== INFORMATION SUPPLIED

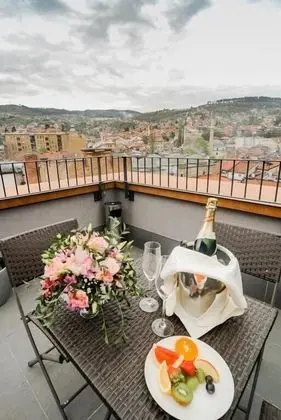 Deluxe Büyük Yataklı Tek Kişilik Oda, 1 Çift Kişilik Yatak, Balkon, Şehir Manzaralı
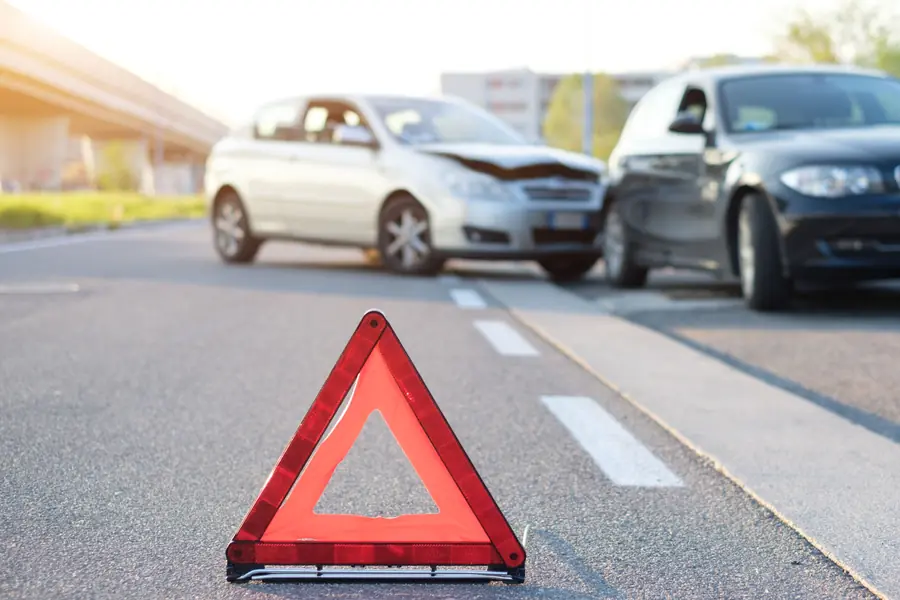 Richtiges Verhalten bei Verkehrsunfällen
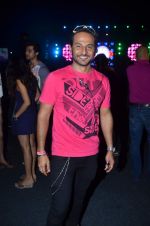 Nikhil Chinapa at DJ AVICII gig for Sunburn in Mahalaxmi on 18th Dec 2011 (69).JPG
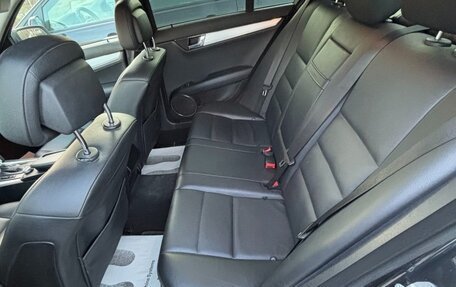 Mercedes-Benz C-Класс, 2008 год, 1 200 000 рублей, 6 фотография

====

### [EXERCISE AIM]
Only the lines from the one containing "Nikhil Chinapa at" through the last line of the material are to be restated word for word; no picture is to be included.

### [EXPECTED OUTPUT]
 Nikhil Chinapa at DJ AVICII gig for Sunburn in Mahalaxmi on 18th Dec 2011 (69).JPG
 Mercedes-Benz C-Класс, 2008 год, 1 200 000 рублей, 6 фотография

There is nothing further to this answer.